Source Poulet Volant
Déroulé des opérations militaires
Front sud : Front calme depuis la chute de Grand Novosilka (carte).
Front de Donetsk : Les Russes sont entrés dans Dachne et ont avancé jusqu’au centre d’Andrivka, saisissant notamment le carrefour central qui mène à Kostiantiniopil. Les Ukrainiens devraient se retirer bientôt de Dachne et Ulakly pour constituer un môle défensif à Kostiantiniopil (carte) qui serait le dernier verrou du sud Donbass.
Dans le secteur de Pokrovsk, situation stable sans grand changement, avec qq petits coups de mains ukrainiens qui manifestent ainsi l’essoufflement russe dans le secteur. (carte).
Toretsk a été revendiquée par les Russes même si quelques comptes ukrainiens affirment que quelques lisières seraient toujours aux mains de Kiev (carte).
Front de Bakhmout : A Chasiv Yar, les Russes ont progressé au sud, prenant le bois et la zone à l’ouest du canal (zones que nous disions menacées il y a 15 jours).S’ils atteignent la cote 260, ils domineront la partie ouest de la bourgade qui devrait alors céder (carte).
Front de Svatove/Koupiansk. Secteur de Kremina/Siversk : sans changement (carte). Les Russes ont un peu élargi leur tête de pont de l’autre côté de la Zherebets à hauteur de Terny et ont un peu poussé vers le sud à Yampolivka (carte).
Secteur de Pischane : Sans changement (carte).
Secteur de Koupiansk : la tête de pont outre Oskil est élargie avec le contrôle de Dvorichna et la prise de Zapadne (carte).
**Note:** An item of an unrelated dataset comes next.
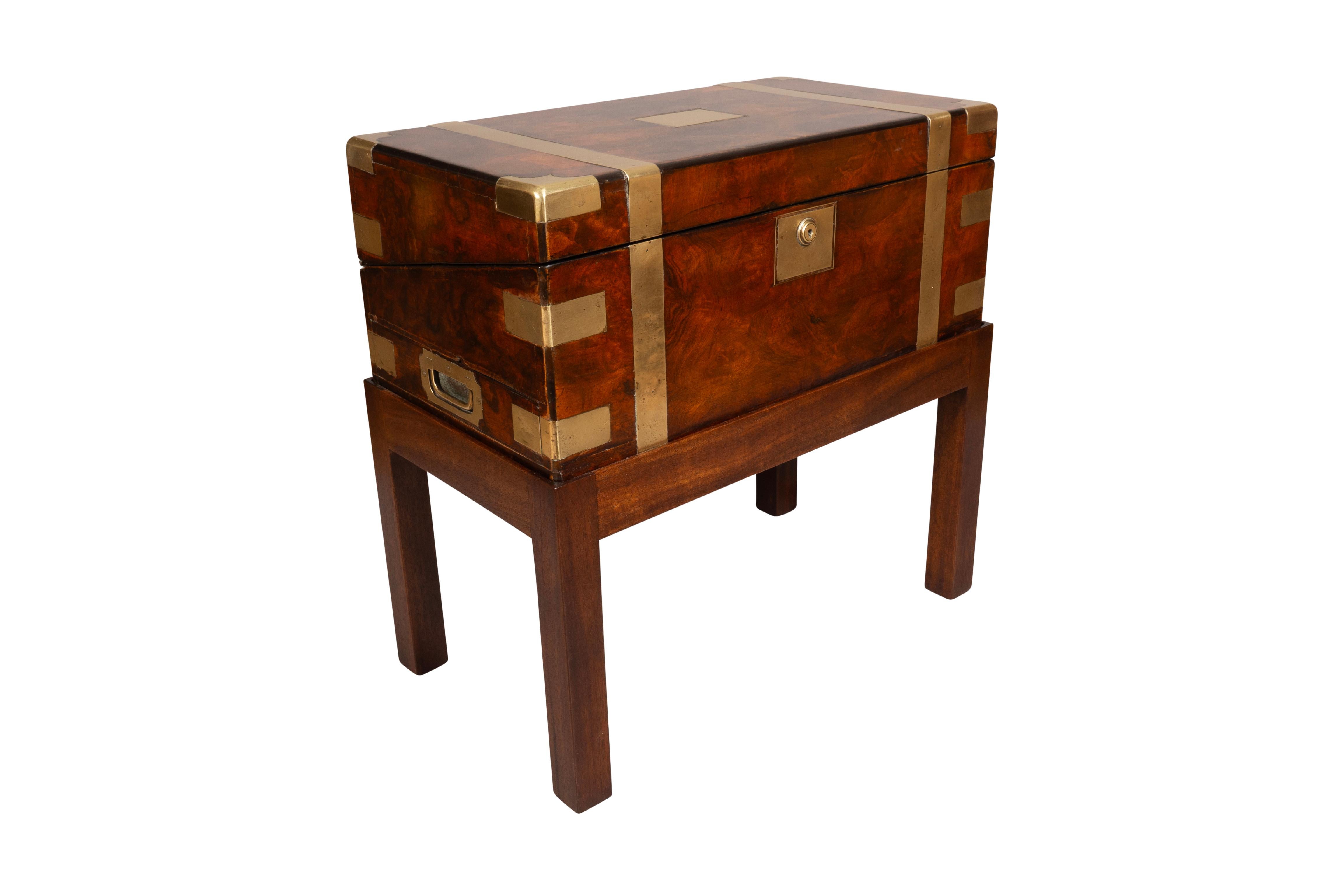 The box originally a traveling desk with green leather desk section and fitted compartments. Burl walnut case with brass strapping. Key included. Later mahogany base.
Makes a nice side table.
Plus au nord, non loin de la frontière, une autre tête de pont a été créée à hauteur de Topoli (carte).
Front de Kharkiv : RAS
Front de Soudja : Malaya Lokhna reste ukrainienne. Cette semaine, les Ukrainiens ont lancé une petite attaque au sud-est de Soudja prenant le village de Kolmakov et le hameau de Fanasayevka (carte).
Analyse militaire
Dans la poche de Soudja, les Russes ont repris leurs efforts. La Russie a pris 5 km² la semaine dernière, et rendu 13 km² cette semaine. L’Ukraine contrôle 427 km² de territoire russe (carte).
Dans le Donbass, les Russes ont pris aux Ukrainiens 67 km² la semaine dernière, 40 km² cette semaine (carte). Le rythme de progression quotidienne est descendu à 7,5 km² par jour (sur deux semaines)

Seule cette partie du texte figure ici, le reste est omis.